To get over the Heartbleed bug and avoid it from coming back in future, The Linux Foundation has joined hands with some of the biggest tech companies.
For a pledged amount of $100,000 each per year for the next 3 years to this Core Infrastructure initiative, companies like Amazon, Microsoft, Google, Facebook, NetApp, Rackspace, Qualcomm, VMWare, IBM, Intel, Dell, Cisco and Fujitsu have come together.
The monetary contribution from each of these biggies will allow developers to work on open source projects on a full time basis with paymets made towards audits and computing & testing infrastructure.
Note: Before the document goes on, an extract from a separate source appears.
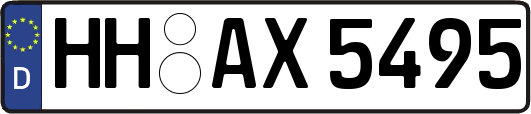HH-AX5495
Jim Zemlin, Executive Director, Linux Foundation, said
“This is not just about the money, but the forum”, and added “Instead of responding to a crisis retroactively, this is an opportunity to identify crucial open source projects in advance. Right now, nobody is having that conversation, and it’s an important conversation to have.”
It is important to know that some researchers noticed an issue with OpenSSL about 2 weeks ago, and therefore The Core Infrastructure Initiative will work on OpenSSL.
It is surprising to know that while over two-thirds of Internet servers make use of OpenSSL encryption tool, the same is managed by only a small group of few volunteers and one full-time developer.
Since fixing the issues is a major concern for all the big and small tech companies alike, a lot of groups and companies have already started to fund security audits for open source softwares.
An example in the same is OpenBSD that has raised about $17,000 to support these audits that will discover and eliminate the security issues completely.